Hugo, neslin sefil olmasını çocuklara verilemeyen emanetlere bağlar.
Güzel ahlak, bu ihanet edilmiş emanetlerin en değerlisi olsa gerek. Ancak günümüzde ahlaki değerler ve bu değerlere sahip insanlar sadece edebiyata, siyasete bir malzeme ya da geçmişten günümüze gelen hoş bir seda sanki...
Terbiye ne zamandan beri tercih meselesi, ne zamandan beri böylesine alkışlanan "Gördünüz mü, adam ne kadar dürüst, helal olsun!" söylemleriyle taktir görmeye başladı? Ya hu ben zaten dürüst olmak zorunda değil miyim? Zaten yardımsever, hoşgörülü, mütevazı, sabırlı, saygılı olmak zorunda değil miyim? Ahlakımdan da diğer dini vecibelerim kadar sorumlu değil miyim?
İşte en büyük sorunlarımızdan biri, eğitimin temelini oluşturan aile ortamında verilemeyenleri sonradan vermeye çalışmak. Bir sorunu çözmek için sorunun sebebini yok etmek gerekir der M.L. King.
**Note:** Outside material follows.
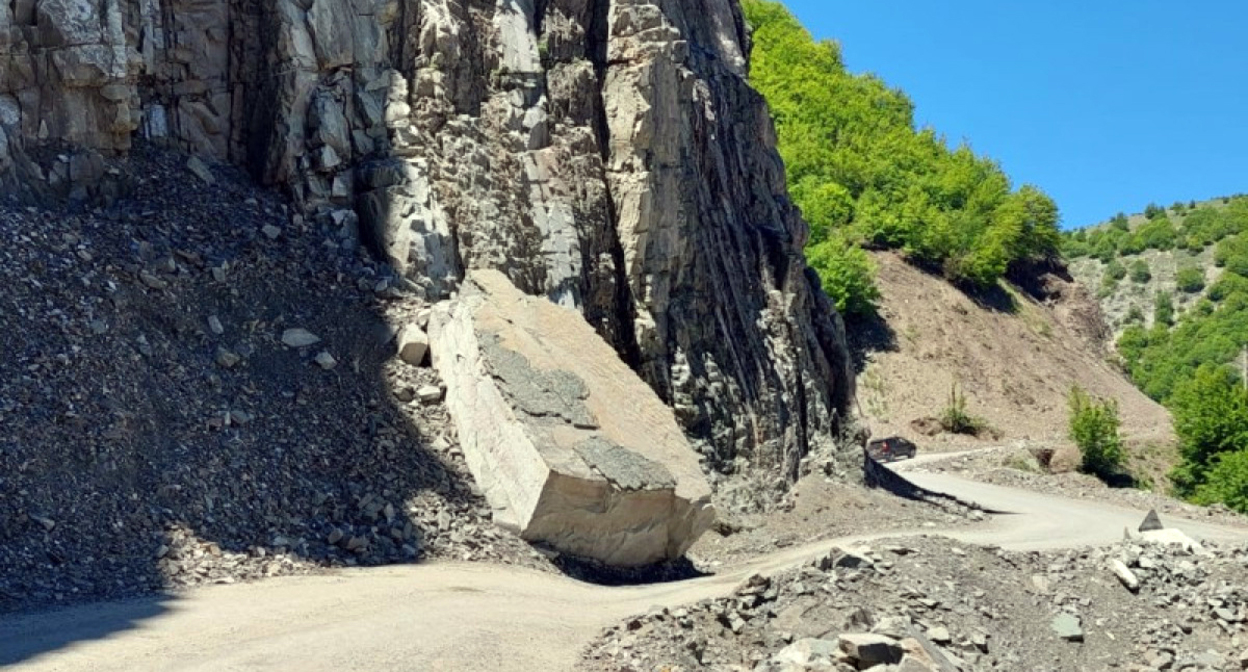 В Дашкесанском районе произошел горный обвал. Фото https://apa.az/ru/proisshestvie/v-daskesanskom-raione-proizosel-gornyi-obval-vedushhaya-v-3-sela-doroga-perekryta-492302

Hani fabrika ayarlarına dönmekten bahsederler ya, işte yıllar önce Efendimiz sorunun nedenini ve nasıl çözülmesi gerektiğinin reçetesini vermiş. Fakat biz Qasem'in de dediği gibi materyalist hırslarımızla çocuklarımızı hipodrumda koşturmayı yeğliyor, kendi ellerimizle neslimizi yozlaştırıyoruz.
Bu arada ayet ve hadis çalışmalarını başlattığınız için çok ederim. Harika bir başlık olmuş. Samimi bir sohbet havasında düşüncelerimizi paylaşalım isterim. : )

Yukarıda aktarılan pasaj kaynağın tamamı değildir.